╭──
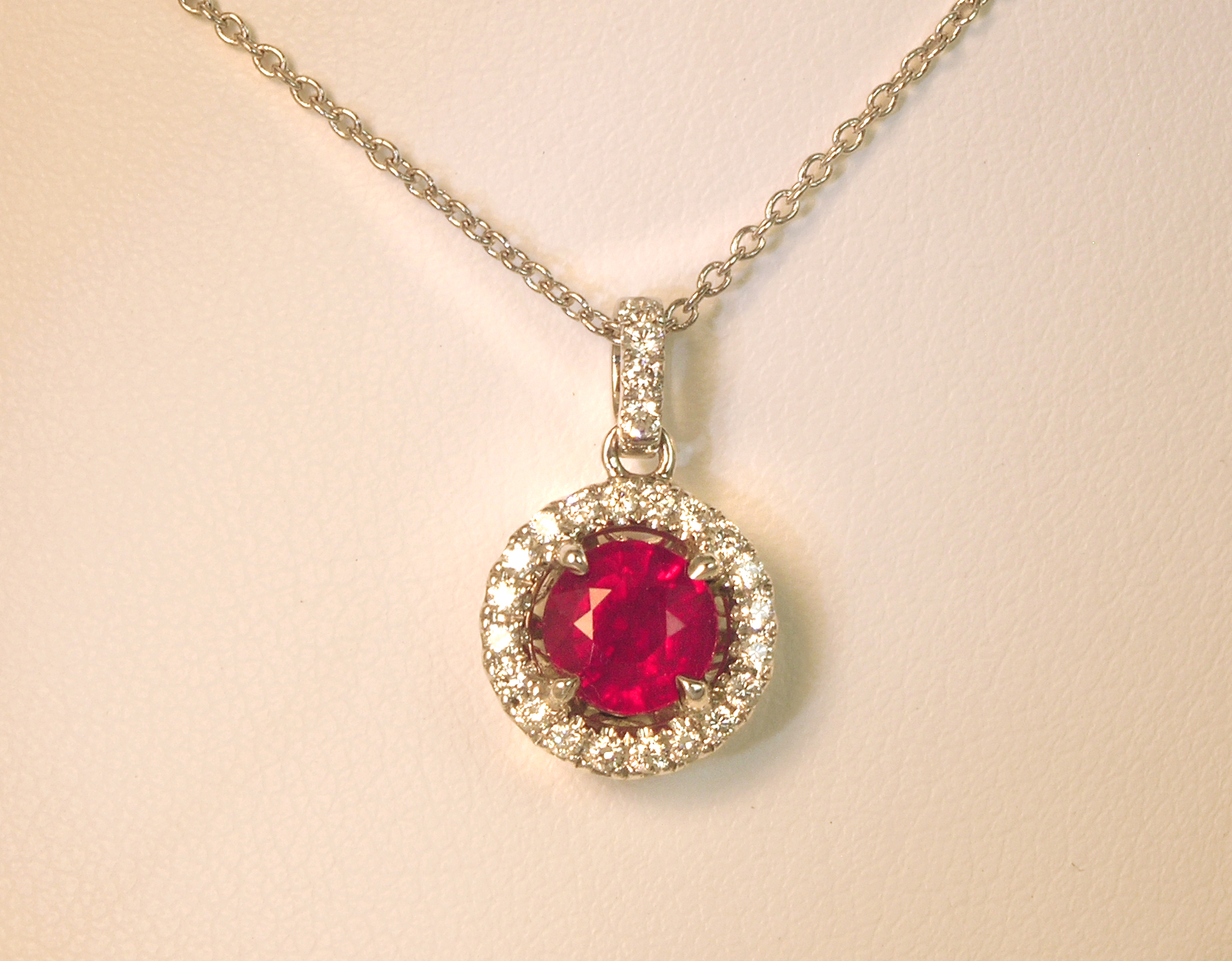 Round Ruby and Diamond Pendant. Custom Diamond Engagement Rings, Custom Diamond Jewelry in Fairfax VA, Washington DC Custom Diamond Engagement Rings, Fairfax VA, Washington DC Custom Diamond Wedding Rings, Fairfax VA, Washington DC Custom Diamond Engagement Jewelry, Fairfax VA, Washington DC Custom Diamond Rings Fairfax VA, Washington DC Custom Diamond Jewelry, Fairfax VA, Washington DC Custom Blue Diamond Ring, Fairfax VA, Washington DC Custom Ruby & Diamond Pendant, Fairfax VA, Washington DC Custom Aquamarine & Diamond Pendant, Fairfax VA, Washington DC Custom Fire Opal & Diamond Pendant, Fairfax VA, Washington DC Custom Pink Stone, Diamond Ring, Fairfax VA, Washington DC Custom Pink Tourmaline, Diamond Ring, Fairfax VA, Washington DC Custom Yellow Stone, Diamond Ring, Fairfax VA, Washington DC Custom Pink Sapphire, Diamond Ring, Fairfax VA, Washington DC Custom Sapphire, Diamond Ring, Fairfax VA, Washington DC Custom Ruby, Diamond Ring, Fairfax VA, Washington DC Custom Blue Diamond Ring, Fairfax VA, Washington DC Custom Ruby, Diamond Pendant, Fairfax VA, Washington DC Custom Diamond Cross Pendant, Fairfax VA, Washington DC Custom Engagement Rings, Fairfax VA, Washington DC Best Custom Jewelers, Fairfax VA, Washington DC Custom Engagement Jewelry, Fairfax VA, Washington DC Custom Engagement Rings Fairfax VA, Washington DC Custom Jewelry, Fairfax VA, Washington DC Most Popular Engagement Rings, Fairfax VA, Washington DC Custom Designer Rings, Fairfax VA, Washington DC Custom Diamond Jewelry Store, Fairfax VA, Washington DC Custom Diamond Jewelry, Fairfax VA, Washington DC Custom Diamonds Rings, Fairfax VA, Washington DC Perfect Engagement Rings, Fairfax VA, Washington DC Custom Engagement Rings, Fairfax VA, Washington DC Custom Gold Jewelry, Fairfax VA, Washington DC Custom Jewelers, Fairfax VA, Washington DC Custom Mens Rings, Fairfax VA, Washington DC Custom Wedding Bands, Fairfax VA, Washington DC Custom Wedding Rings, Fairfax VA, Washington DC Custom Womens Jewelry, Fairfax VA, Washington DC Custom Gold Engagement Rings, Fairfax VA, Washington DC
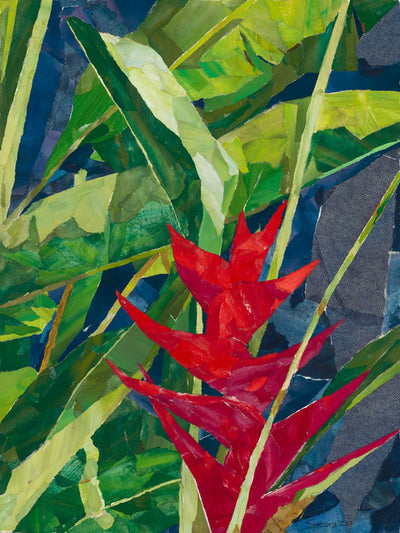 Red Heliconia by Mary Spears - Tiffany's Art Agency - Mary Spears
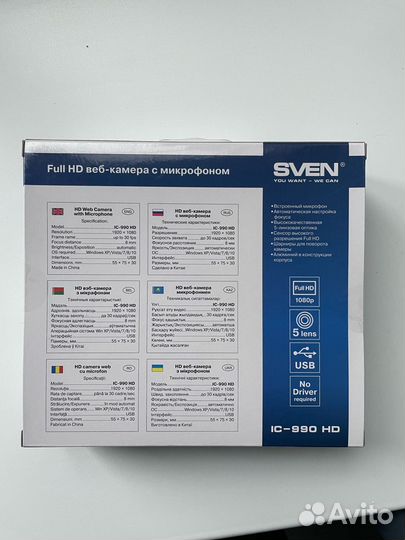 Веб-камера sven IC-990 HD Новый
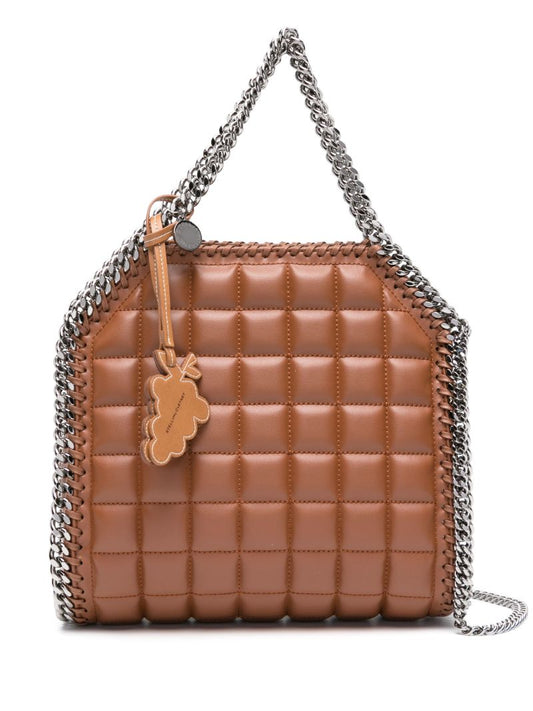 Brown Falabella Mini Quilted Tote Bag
╰──
DIRECTIONS FOR THIS TASK =
Could you repeat the listing above exactly, omitting its pictures?

RESPONSE TO THE TASK =
 Round Ruby and Diamond Pendant. Custom Diamond Engagement Rings, Custom Diamond Jewelry in Fairfax VA, Washington DC Custom Diamond Engagement Rings, Fairfax VA, Washington DC Custom Diamond Wedding Rings, Fairfax VA, Washington DC Custom Diamond Engagement Jewelry, Fairfax VA, Washington DC Custom Diamond Rings Fairfax VA, Washington DC Custom Diamond Jewelry, Fairfax VA, Washington DC Custom Blue Diamond Ring, Fairfax VA, Washington DC Custom Ruby & Diamond Pendant, Fairfax VA, Washington DC Custom Aquamarine & Diamond Pendant, Fairfax VA, Washington DC Custom Fire Opal & Diamond Pendant, Fairfax VA, Washington DC Custom Pink Stone, Diamond Ring, Fairfax VA, Washington DC Custom Pink Tourmaline, Diamond Ring, Fairfax VA, Washington DC Custom Yellow Stone, Diamond Ring, Fairfax VA, Washington DC Custom Pink Sapphire, Diamond Ring, Fairfax VA, Washington DC Custom Sapphire, Diamond Ring, Fairfax VA, Washington DC Custom Ruby, Diamond Ring, Fairfax VA, Washington DC Custom Blue Diamond Ring, Fairfax VA, Washington DC Custom Ruby, Diamond Pendant, Fairfax VA, Washington DC Custom Diamond Cross Pendant, Fairfax VA, Washington DC Custom Engagement Rings, Fairfax VA, Washington DC Best Custom Jewelers, Fairfax VA, Washington DC Custom Engagement Jewelry, Fairfax VA, Washington DC Custom Engagement Rings Fairfax VA, Washington DC Custom Jewelry, Fairfax VA, Washington DC Most Popular Engagement Rings, Fairfax VA, Washington DC Custom Designer Rings, Fairfax VA, Washington DC Custom Diamond Jewelry Store, Fairfax VA, Washington DC Custom Diamond Jewelry, Fairfax VA, Washington DC Custom Diamonds Rings, Fairfax VA, Washington DC Perfect Engagement Rings, Fairfax VA, Washington DC Custom Engagement Rings, Fairfax VA, Washington DC Custom Gold Jewelry, Fairfax VA, Washington DC Custom Jewelers, Fairfax VA, Washington DC Custom Mens Rings, Fairfax VA, Washington DC Custom Wedding Bands, Fairfax VA, Washington DC Custom Wedding Rings, Fairfax VA, Washington DC Custom Womens Jewelry, Fairfax VA, Washington DC Custom Gold Engagement Rings, Fairfax VA, Washington DC
 Red Heliconia by Mary Spears - Tiffany's Art Agency - Mary Spears
 Веб-камера sven IC-990 HD Новый
 Brown Falabella Mini Quilted Tote Bag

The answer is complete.